On Tue, Sep 07, 2010 at 11:21:19PM +0100, Duncan Coutts wrote:
On 7 September 2010 22:50, Ian Lynagh
wrote: I compared the API of Data.Text and Data.ByteString.Char8 and found a number of differences:
Many of these are deliberate and sensible.
Some at least seem just gratuitously different, e.g.: BS: break :: (Char -> Bool) -> ByteString -> (ByteString, ByteString) breakSubstring :: ByteString -> ByteString -> (ByteString, ByteString) Text: break :: Text -> Text -> (Text, Text) breakBy :: (Char -> Bool) -> Text -> (Text, Text)
The thing with text as opposed to lists/arrays is that almost all operations you want to do are substring based and not element based. A Unicode code point (a Char) is sadly only roughly related to the human concept of a character. In particular there are combining characters. So even if you want to search or split on a particular "character" that may mean searching for a short sequence of Chars / code points.
Hmm, wouldn't you want to be able to break on either <a-with-umlaut> or <a> <umlaut combining character> in that case? Also, even if the intention is that you break [<a>, <umlaut combining character>] people will still use it for other things, e.g. break "END FOO" and wonder why they are not able to do likewise with bytestring. Even if there is a case where you would want different behaviour in the two packages, I think it would be bettre if the function names weren't the same.
I think the two APIs ought to be brought into agreement.
Perhaps.
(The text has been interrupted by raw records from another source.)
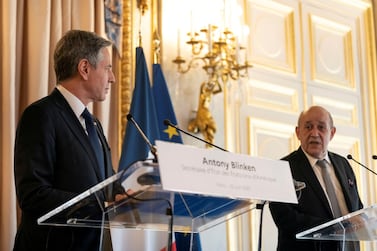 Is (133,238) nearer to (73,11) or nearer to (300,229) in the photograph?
(300,229)

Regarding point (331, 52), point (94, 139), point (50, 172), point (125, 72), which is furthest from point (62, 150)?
point (331, 52)

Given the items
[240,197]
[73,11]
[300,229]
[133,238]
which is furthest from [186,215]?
[73,11]

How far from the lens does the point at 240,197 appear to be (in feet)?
7.13

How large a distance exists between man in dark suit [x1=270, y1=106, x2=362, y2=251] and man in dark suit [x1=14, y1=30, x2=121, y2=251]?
110 centimetres

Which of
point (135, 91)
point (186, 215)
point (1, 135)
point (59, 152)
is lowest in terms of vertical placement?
point (186, 215)

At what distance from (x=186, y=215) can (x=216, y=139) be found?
2.67 metres

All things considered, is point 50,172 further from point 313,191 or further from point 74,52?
point 313,191

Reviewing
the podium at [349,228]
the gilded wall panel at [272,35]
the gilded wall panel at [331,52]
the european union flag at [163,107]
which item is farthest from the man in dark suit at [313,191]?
the gilded wall panel at [331,52]

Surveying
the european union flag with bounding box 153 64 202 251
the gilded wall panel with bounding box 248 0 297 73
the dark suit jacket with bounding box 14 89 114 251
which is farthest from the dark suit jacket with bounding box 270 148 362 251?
the gilded wall panel with bounding box 248 0 297 73

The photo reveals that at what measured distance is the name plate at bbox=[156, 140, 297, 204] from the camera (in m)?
2.02

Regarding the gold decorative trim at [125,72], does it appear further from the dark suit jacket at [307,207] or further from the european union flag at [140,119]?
the dark suit jacket at [307,207]

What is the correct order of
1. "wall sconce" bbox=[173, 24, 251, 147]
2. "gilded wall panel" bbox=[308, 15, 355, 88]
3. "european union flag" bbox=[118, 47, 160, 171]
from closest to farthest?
1. "european union flag" bbox=[118, 47, 160, 171]
2. "wall sconce" bbox=[173, 24, 251, 147]
3. "gilded wall panel" bbox=[308, 15, 355, 88]

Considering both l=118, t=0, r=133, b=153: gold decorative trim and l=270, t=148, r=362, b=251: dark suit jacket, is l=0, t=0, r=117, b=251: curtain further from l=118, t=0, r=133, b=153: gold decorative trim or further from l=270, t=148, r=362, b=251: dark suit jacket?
l=270, t=148, r=362, b=251: dark suit jacket

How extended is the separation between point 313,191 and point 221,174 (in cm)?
167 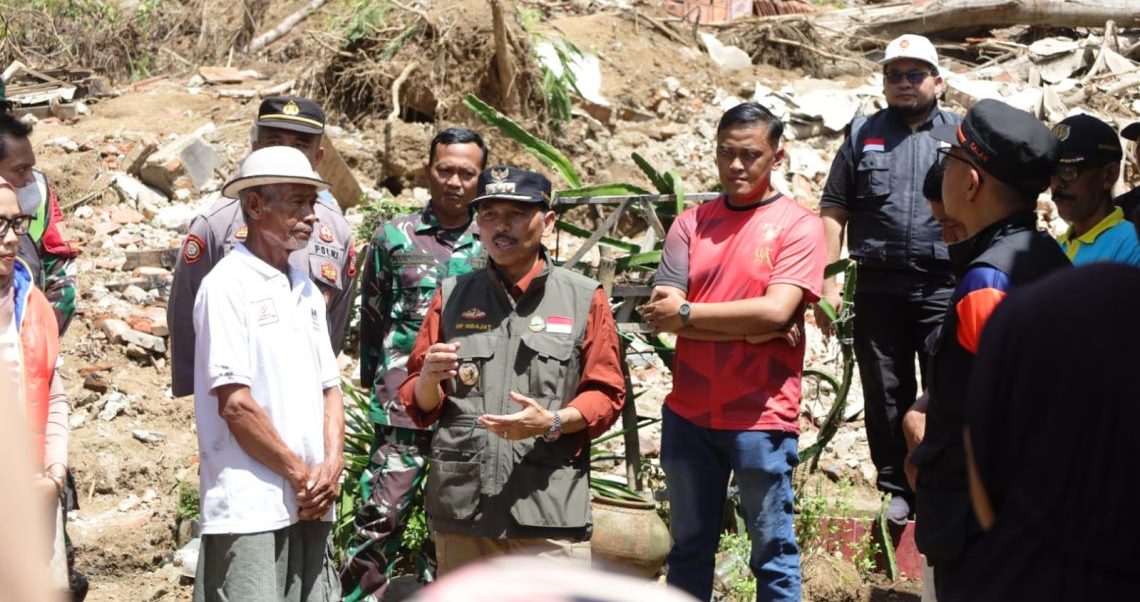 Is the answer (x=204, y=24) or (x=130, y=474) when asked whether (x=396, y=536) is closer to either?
(x=130, y=474)

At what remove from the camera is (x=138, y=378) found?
8.34 m

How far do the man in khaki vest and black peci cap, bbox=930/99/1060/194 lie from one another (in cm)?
161

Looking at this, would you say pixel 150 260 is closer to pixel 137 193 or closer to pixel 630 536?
pixel 137 193

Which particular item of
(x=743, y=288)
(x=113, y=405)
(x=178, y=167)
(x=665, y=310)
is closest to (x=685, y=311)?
(x=665, y=310)

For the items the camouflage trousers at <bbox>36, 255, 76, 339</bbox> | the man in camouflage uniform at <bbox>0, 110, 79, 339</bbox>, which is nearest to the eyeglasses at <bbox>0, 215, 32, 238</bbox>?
the man in camouflage uniform at <bbox>0, 110, 79, 339</bbox>

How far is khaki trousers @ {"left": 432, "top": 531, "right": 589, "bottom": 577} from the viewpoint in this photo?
4582 mm

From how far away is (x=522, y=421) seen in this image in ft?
14.3

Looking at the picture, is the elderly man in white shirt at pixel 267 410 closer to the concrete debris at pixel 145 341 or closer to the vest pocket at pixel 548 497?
the vest pocket at pixel 548 497

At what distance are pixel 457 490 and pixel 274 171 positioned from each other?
51.4 inches

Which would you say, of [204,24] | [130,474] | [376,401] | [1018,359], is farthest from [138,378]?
[204,24]

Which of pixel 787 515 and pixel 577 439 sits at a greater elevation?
pixel 577 439

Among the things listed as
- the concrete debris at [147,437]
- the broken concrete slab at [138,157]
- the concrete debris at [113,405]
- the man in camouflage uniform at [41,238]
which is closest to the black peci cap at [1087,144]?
the man in camouflage uniform at [41,238]

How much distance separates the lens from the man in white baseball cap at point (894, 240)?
5910 millimetres

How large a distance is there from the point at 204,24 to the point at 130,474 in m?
9.51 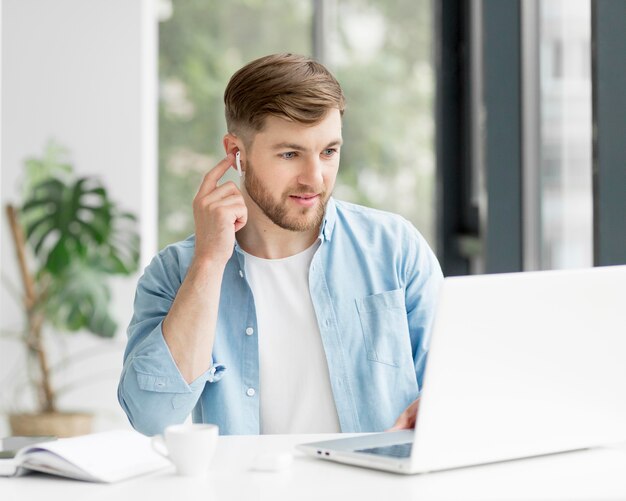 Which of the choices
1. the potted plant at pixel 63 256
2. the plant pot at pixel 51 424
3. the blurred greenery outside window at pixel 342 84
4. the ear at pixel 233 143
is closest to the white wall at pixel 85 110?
the potted plant at pixel 63 256

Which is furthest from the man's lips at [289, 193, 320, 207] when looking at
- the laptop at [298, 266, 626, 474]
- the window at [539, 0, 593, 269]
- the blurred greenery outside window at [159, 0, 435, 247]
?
the blurred greenery outside window at [159, 0, 435, 247]

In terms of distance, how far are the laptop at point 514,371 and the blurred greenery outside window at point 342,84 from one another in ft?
12.7

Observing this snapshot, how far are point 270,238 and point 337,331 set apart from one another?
0.26 meters

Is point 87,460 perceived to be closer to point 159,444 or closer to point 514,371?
point 159,444

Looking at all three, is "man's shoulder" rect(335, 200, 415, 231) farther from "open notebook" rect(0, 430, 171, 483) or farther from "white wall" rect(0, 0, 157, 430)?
"white wall" rect(0, 0, 157, 430)

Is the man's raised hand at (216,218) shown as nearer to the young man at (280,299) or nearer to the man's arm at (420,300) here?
the young man at (280,299)

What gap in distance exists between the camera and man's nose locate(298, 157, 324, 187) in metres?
1.99

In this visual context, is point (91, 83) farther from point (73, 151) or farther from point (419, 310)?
point (419, 310)

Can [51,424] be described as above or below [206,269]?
below

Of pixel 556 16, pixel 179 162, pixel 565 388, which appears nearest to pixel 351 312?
pixel 565 388

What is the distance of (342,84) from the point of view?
526 centimetres

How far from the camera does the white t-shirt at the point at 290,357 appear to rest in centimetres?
201

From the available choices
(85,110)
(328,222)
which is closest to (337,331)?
(328,222)

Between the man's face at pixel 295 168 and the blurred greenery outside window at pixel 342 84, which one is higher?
the blurred greenery outside window at pixel 342 84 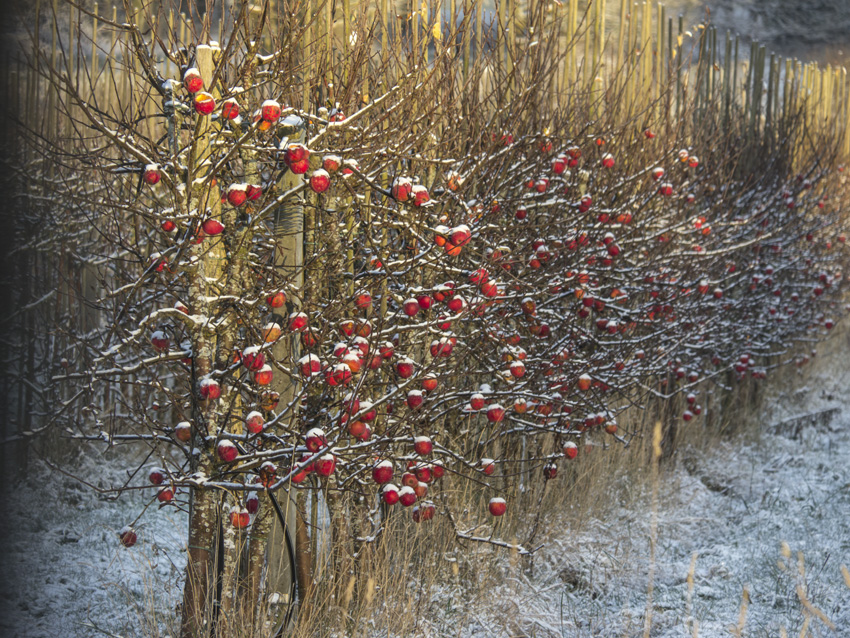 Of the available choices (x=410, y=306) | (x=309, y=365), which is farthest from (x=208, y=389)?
(x=410, y=306)

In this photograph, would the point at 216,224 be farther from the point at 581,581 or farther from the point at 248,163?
the point at 581,581

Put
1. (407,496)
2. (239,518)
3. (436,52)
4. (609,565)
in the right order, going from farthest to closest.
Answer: (609,565)
(436,52)
(407,496)
(239,518)

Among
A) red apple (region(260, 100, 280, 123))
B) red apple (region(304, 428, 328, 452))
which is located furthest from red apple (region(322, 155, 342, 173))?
red apple (region(304, 428, 328, 452))

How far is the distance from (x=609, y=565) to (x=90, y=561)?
2.73 metres

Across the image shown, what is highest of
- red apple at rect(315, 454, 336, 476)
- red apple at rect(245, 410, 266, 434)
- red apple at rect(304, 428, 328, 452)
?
red apple at rect(245, 410, 266, 434)

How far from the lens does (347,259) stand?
11.2ft

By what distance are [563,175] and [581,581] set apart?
236 cm

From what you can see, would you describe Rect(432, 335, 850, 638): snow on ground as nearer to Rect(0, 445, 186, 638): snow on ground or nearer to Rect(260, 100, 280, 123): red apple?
Rect(0, 445, 186, 638): snow on ground

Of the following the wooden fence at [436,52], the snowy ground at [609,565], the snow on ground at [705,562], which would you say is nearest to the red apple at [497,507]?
the snow on ground at [705,562]

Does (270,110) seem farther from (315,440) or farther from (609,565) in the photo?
(609,565)

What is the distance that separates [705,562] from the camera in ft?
15.1

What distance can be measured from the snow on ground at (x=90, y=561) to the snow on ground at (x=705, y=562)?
4.20 feet

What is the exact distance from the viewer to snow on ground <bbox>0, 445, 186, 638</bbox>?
3.20m

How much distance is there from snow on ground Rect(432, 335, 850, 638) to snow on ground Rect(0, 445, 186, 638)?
4.20 feet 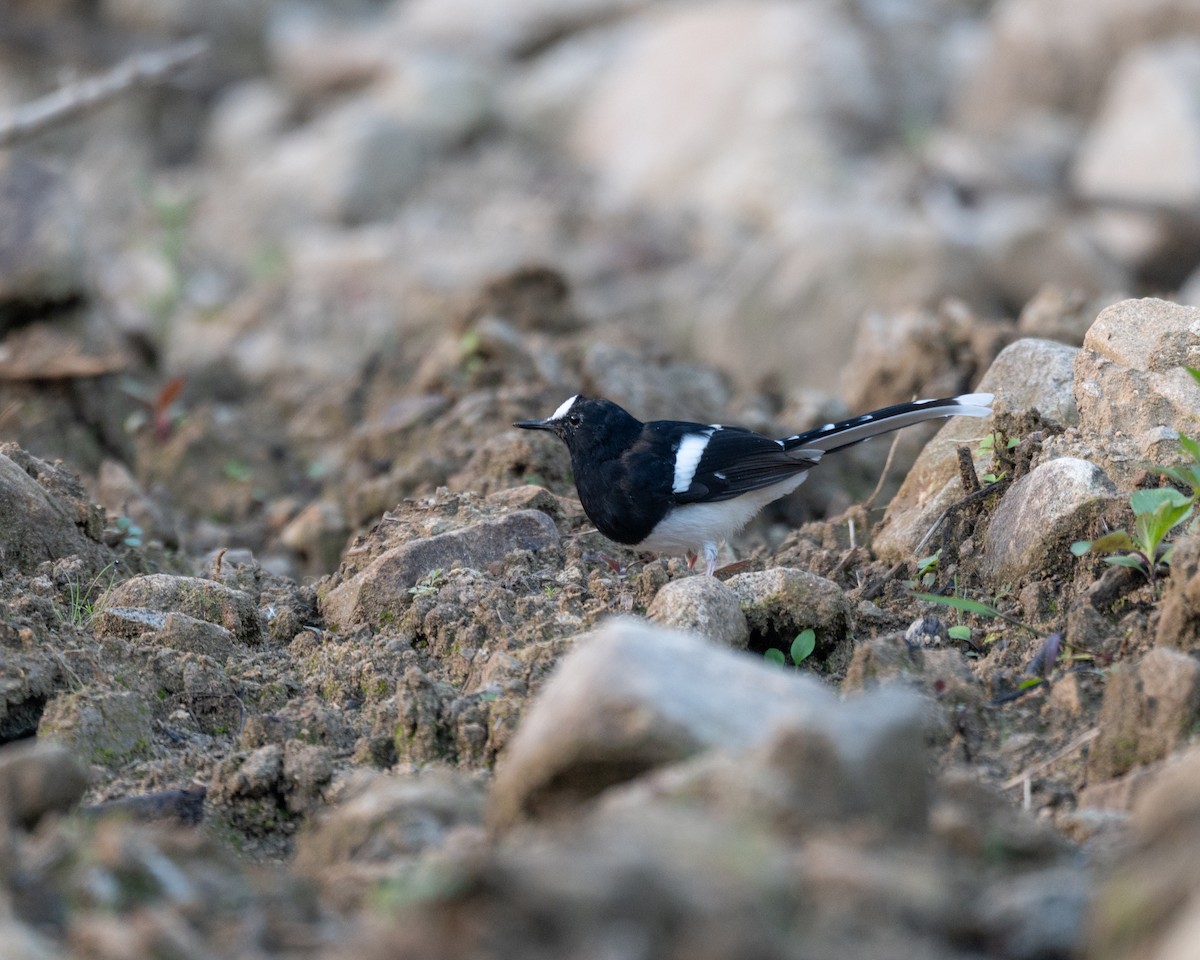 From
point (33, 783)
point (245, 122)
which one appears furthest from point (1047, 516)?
point (245, 122)

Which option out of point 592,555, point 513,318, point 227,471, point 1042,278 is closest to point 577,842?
point 592,555

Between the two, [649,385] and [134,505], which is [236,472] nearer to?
[134,505]

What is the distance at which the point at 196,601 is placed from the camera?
14.2ft

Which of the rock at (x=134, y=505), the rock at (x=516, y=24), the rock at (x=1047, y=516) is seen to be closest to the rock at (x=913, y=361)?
the rock at (x=1047, y=516)

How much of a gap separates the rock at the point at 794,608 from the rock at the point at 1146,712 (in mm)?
906

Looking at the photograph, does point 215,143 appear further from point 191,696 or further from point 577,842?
point 577,842

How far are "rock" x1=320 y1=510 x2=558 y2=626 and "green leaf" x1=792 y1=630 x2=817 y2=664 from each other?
1.10 metres

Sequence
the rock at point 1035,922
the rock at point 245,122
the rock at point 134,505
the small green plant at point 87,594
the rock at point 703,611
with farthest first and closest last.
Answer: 1. the rock at point 245,122
2. the rock at point 134,505
3. the small green plant at point 87,594
4. the rock at point 703,611
5. the rock at point 1035,922

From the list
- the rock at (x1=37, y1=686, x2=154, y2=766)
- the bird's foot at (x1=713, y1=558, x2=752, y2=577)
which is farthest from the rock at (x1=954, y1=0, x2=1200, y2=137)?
the rock at (x1=37, y1=686, x2=154, y2=766)

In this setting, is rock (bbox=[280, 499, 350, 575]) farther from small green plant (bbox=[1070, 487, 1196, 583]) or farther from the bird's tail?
small green plant (bbox=[1070, 487, 1196, 583])

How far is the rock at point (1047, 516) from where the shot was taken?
392 centimetres

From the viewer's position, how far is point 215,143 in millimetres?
14867

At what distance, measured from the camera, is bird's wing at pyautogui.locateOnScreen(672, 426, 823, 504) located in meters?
5.38

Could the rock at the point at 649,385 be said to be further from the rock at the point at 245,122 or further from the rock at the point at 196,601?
the rock at the point at 245,122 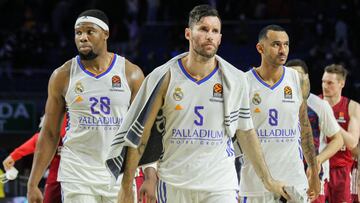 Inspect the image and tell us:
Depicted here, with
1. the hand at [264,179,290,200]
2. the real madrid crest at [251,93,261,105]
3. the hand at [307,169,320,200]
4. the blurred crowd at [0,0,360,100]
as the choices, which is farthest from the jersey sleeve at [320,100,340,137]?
the blurred crowd at [0,0,360,100]

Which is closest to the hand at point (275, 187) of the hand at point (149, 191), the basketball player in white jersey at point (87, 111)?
the hand at point (149, 191)

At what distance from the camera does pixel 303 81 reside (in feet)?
25.0

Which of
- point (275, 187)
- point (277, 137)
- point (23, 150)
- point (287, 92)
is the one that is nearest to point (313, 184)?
point (277, 137)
If so, then it is the ByteString.Char8 that ought to be brought into agreement with Text, not the other way around.
I don't have an opinion on what the APIs should look like; I'd just like them to be consistent.
There are a number of other differences which probably want to be tidied up (mostly functions which are in one package but not the other,
What are you thinking of specifically?
There are a number of them: In Text only: center, chunksOf, dropAround, dropWhileEnd, justifyLeft, justifyRight, partitionBy, prefixed, replace, strip, stripEnd, stripStart, suffixed, compareLength, toCaseFold, toLower, toUpper In BS only: copy, elem, elemIndex, elemIndexEnd, elemIndices, findIndices, findSubstring, findSubstrings, foldr', foldr1', notElem, readInt, readInteger, sort, unzip
ByteString has IO functions mixed in with the non-IO functions,
Which I don't think was a good idea. I would prefer to split them up.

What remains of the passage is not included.